Zoom link: https://princeton.zoom.us/j/94486582110

 

Committee Members: Felix Heide (advisor), Szymon Rusinkiewicz, Jia Deng

 

Abstract:

The most successful methods for image understanding tasks rely on feed-forward neural networks. But despite their empirical accuracy and efficiency, prediction using deep neural networks is not without fundamental disadvantages. Large parts of the networks are often difficult to analyze in failure or borderline cases. This is true in particular when attempting to perceive 3D information from 2D images. Formulating perceptive tasks as a probabilistic generation of world representations has been explored for years under the paradigm of analysis by synthesis, where models of the world help interpret observations. In this exam I present 3D perception tasks recast as an Inverse Neural Rendering problem, reconstructing complex 3D environments to reason about the underlying world captured by images and videos. Since this is particularly important for safety-critical robotics applications like autonomous driving, this will be the focus of the presented work with applications on object detection and 3D multi-object tracking.

 

Recent progress in Neural Rendering and generative models enable the synthesis of plausible representations from input images. But synthesizing dynamic, large-scale outdoor scenes for autonomous driving comes with its own set of challenges that a lot of approaches did not handle. Neural Scene Graphs and Point Light Fields present two solutions to those aspects.

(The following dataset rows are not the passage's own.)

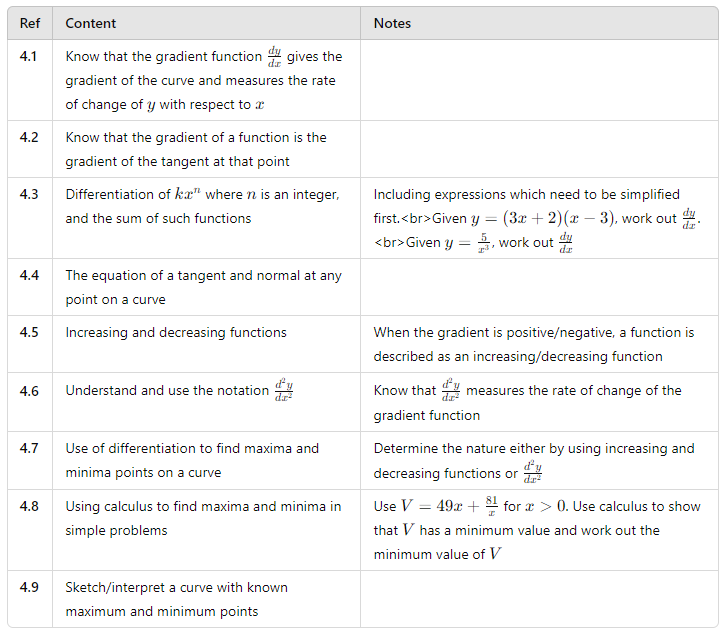 Calculus Topic Chart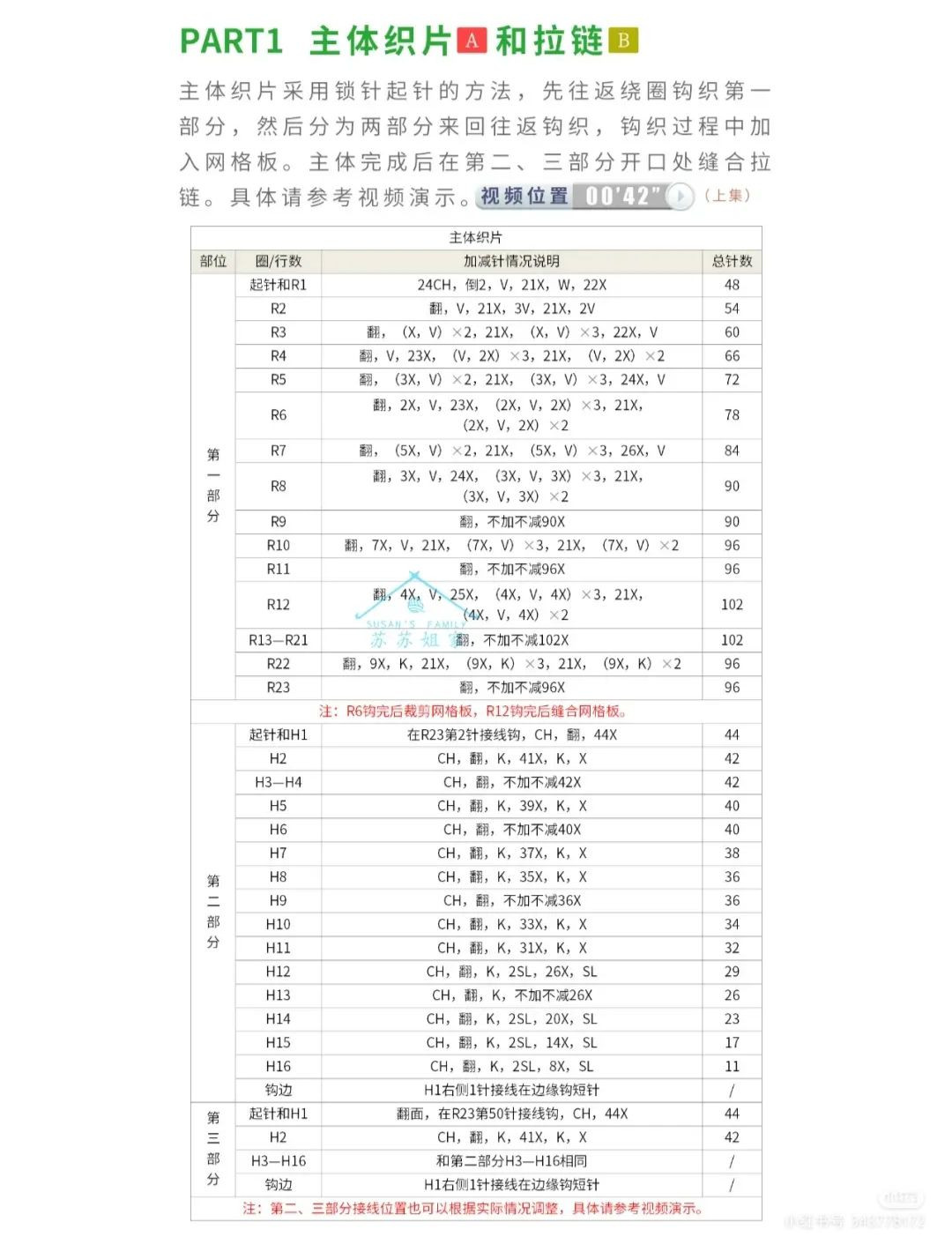 Cute Bear Crochet Bag Pattern with Flowers and Measurements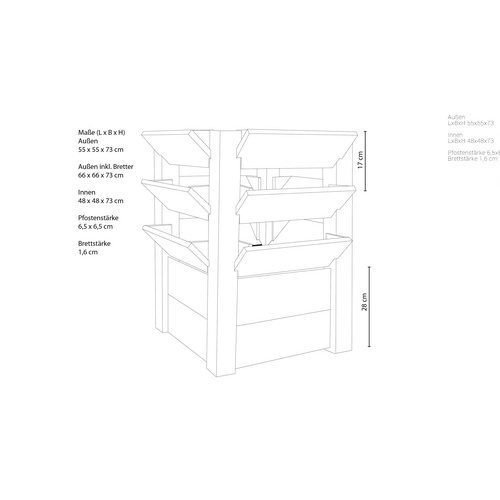 Westmann Hochbeet, BxHxL: 65 x 73 x 65 c...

Through the integration of generative priors this can be transferred from reconstruction of a single scene to similar scenes, exemplified with work that uses diffusion probabilistic models to generate intermediate layout representation suited to detect objects in a scene and generative object models to efficiently reconstruct objects in a scene and allow more interpretable object tracking utilizing the underlying shape and texture.

 

Reading List:

https://docs.google.com/document/d/1e4qtySO8em4Wtjc_VwMfCcsRLqFgJqAAAhl2PLVrE8M/edit?usp=sharing

 

Everyone is invited to attend the talk, and those faculty wishing to remain for the oral exam following are welcome to do so.